Coveting

TRANSCRIPT: Good morning, Five Minute Families. How has this past week treated you? We have had many things hit the calendar in the past few days, so our busy level has elevated. Many families live life in a constant state of “busy.” They almost wear “busy” as a badge of honor.

One reason busy-ness is so highly valued in our society is because we are all running around trying to get the best of everything… the best home, the best shoes, the best vacations, the best experiences, etc. Stop a moment and ask yourself… are you busy because you are sinning? Stick with us here… are you busy because you are coveting and thus acting on seeking out the very things you see others have and you want?

Those are some hard questions to ponder. Please realize we are not saying that coveting is not simply wanting something. Having the thought that a house you drive by is nice, and you would like to have one someday is not the sin of coveting.
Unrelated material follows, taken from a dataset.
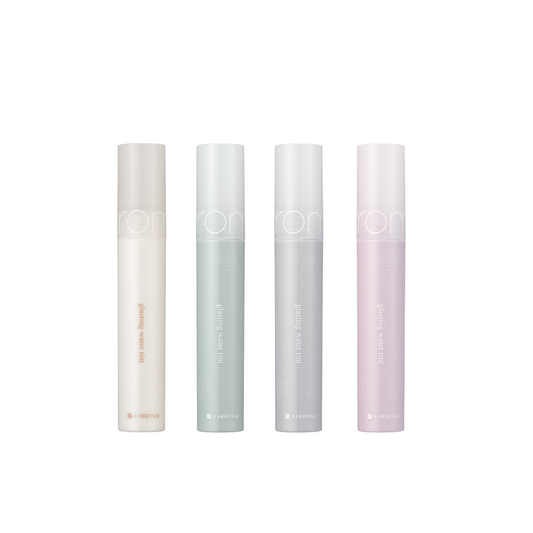 Rom&ndGlasting Water Tint [Hanbok Edition] 4 Colours - La Cosmetique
Coveting is excessively desiring something that belongs to someone else and dwelling on the wanting of it for your own.

Again, we are not talking about wanting a new home when yours is filling with mold or wanting a new home when you can afford it and your family would benefit from extra space. Maybe you want to be able to host a church small group. However, if you want that house and THEN that want becomes a sinful thought pattern that leads you into debt, deceit, or some other pattern of sin, that is breaking the tenth commandment.  To think that our desire for a new home or a new car or a new whatever is breaking one of the ten commandments can be quite sobering.

Some say the tenth commandment is not the simple add-on many think it is after the big sins of murder and idolatry, but rather the tenth commandment is actually a culmination of the nine that precede it. Colossians 3:5 tells us the covetousness is idolatry. Jeremiah 6:13 tells us that covetousness can lead to lying. 2 Samuel 11 shows how covetousness can lead to adultery. Micah 2:2 tells us that covetousness can lead to theft. 1 Kings 21 illustrates how covetousness can lead to murder.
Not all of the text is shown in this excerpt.